### RECORDED INFORMATION

-=-=-

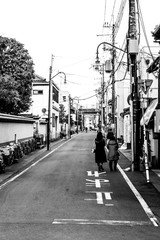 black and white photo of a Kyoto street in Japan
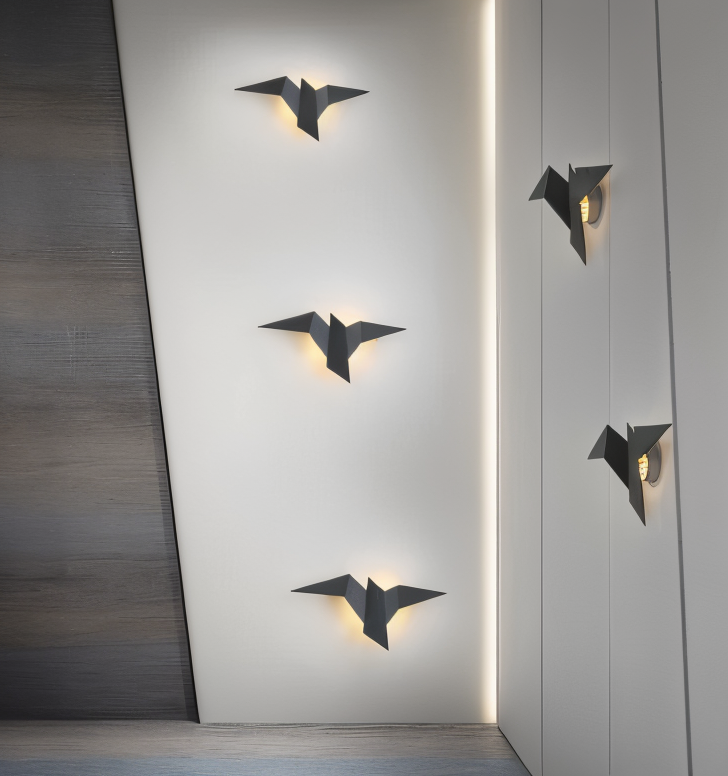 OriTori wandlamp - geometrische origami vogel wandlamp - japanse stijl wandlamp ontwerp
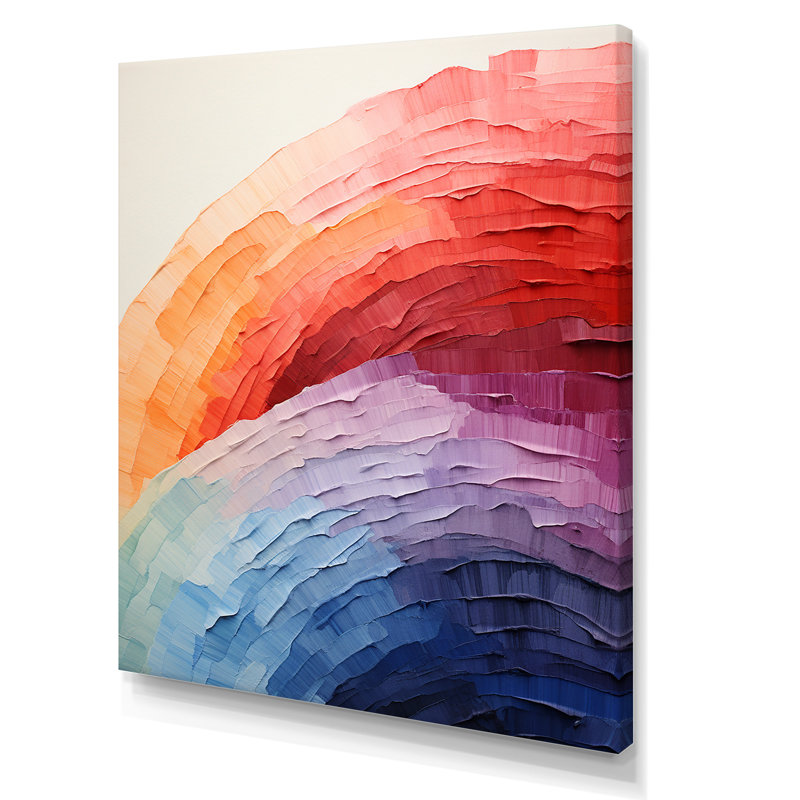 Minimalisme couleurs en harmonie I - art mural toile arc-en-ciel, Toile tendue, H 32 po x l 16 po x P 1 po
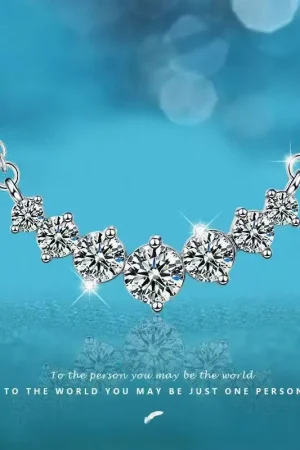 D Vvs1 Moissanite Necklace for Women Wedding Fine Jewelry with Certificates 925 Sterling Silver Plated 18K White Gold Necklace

-=-=-

### ACTIVITY
Apart from the pictures, every line of the material above is to be returned word for word.

### WRITTEN RESPONSE
 black and white photo of a Kyoto street in Japan
 OriTori wandlamp - geometrische origami vogel wandlamp - japanse stijl wandlamp ontwerp
 Minimalisme couleurs en harmonie I - art mural toile arc-en-ciel, Toile tendue, H 32 po x l 16 po x P 1 po
 D Vvs1 Moissanite Necklace for Women Wedding Fine Jewelry with Certificates 925 Sterling Silver Plated 18K White Gold Necklace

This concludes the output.